:: STUDY MATERIAL ::

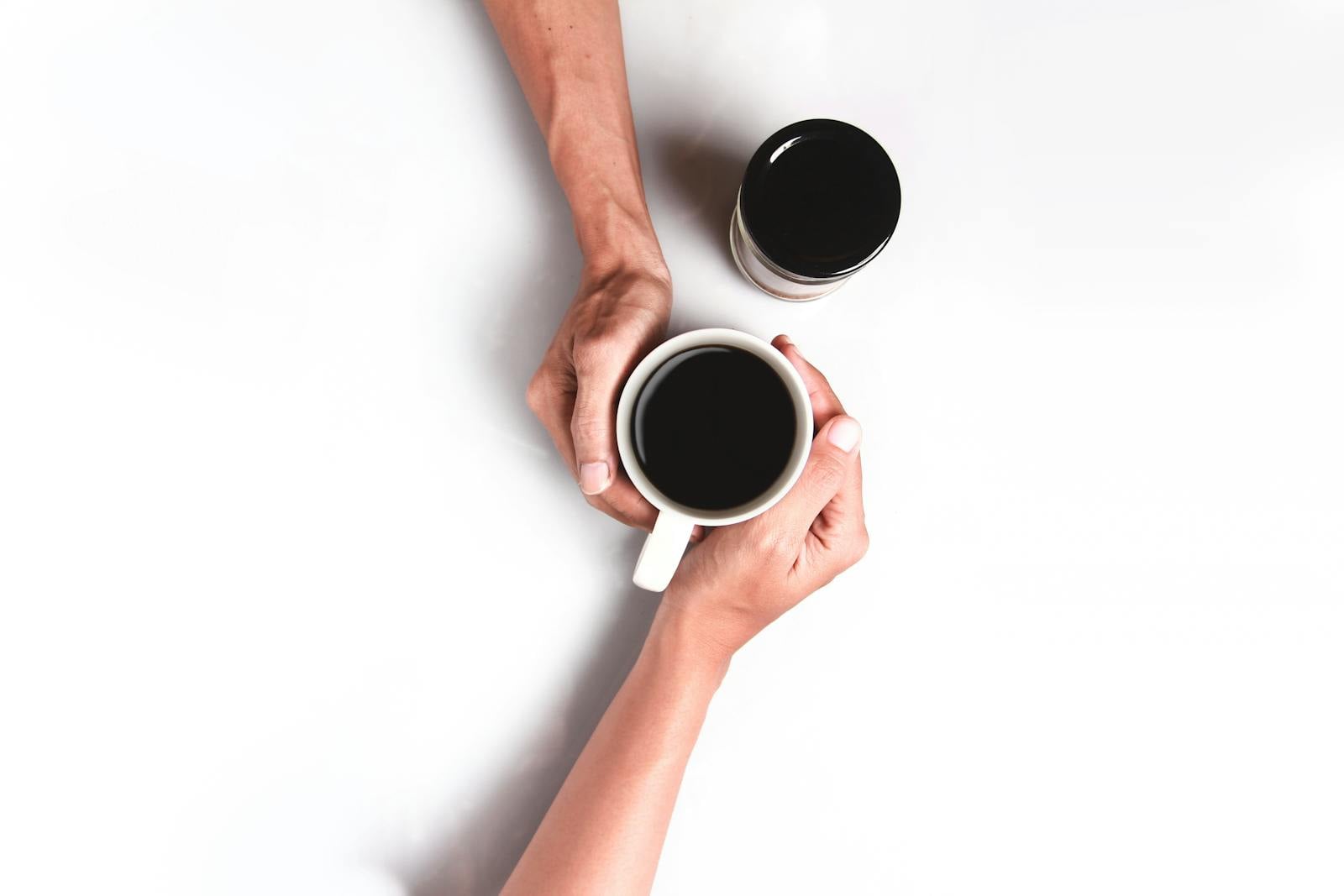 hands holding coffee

:::
:: STUDY MATERIAL ::

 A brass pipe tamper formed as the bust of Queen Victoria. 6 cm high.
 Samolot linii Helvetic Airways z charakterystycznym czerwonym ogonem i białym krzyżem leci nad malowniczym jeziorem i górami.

:::
:: STUDY MATERIAL ::

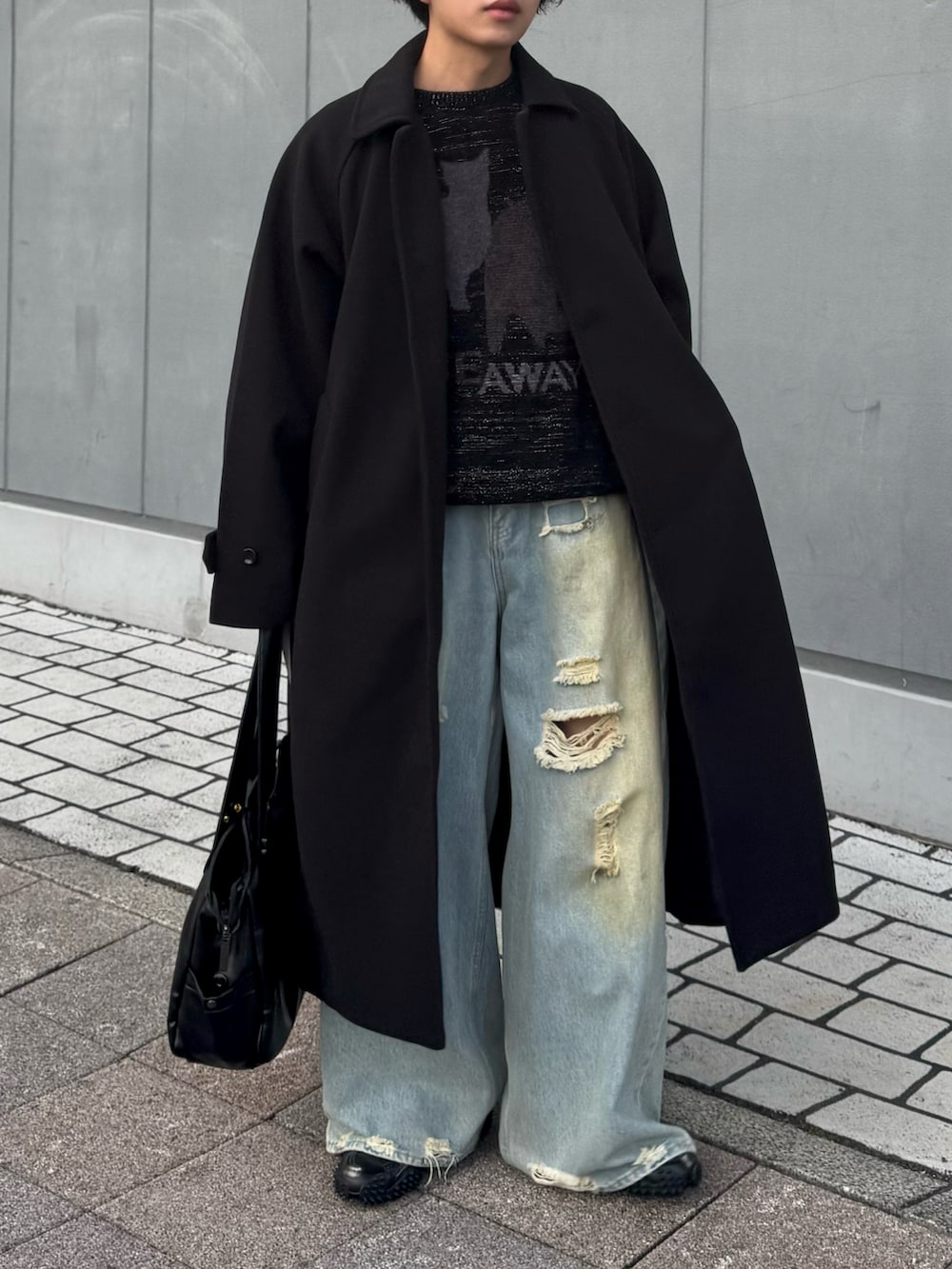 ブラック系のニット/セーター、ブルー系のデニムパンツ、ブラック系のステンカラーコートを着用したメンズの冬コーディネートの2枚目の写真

:::

PROBLEM TO WORK ON →
From the material above, set down exactly the lines between the line holding "A brass pipe" and the line holding "Samolot linii Helvetic", inclusive. Include nothing else.

EXPECTED OUTPUT →
 A brass pipe tamper formed as the bust of Queen Victoria. 6 cm high.
 Samolot linii Helvetic Airways z charakterystycznym czerwonym ogonem i białym krzyżem leci nad malowniczym jeziorem i górami.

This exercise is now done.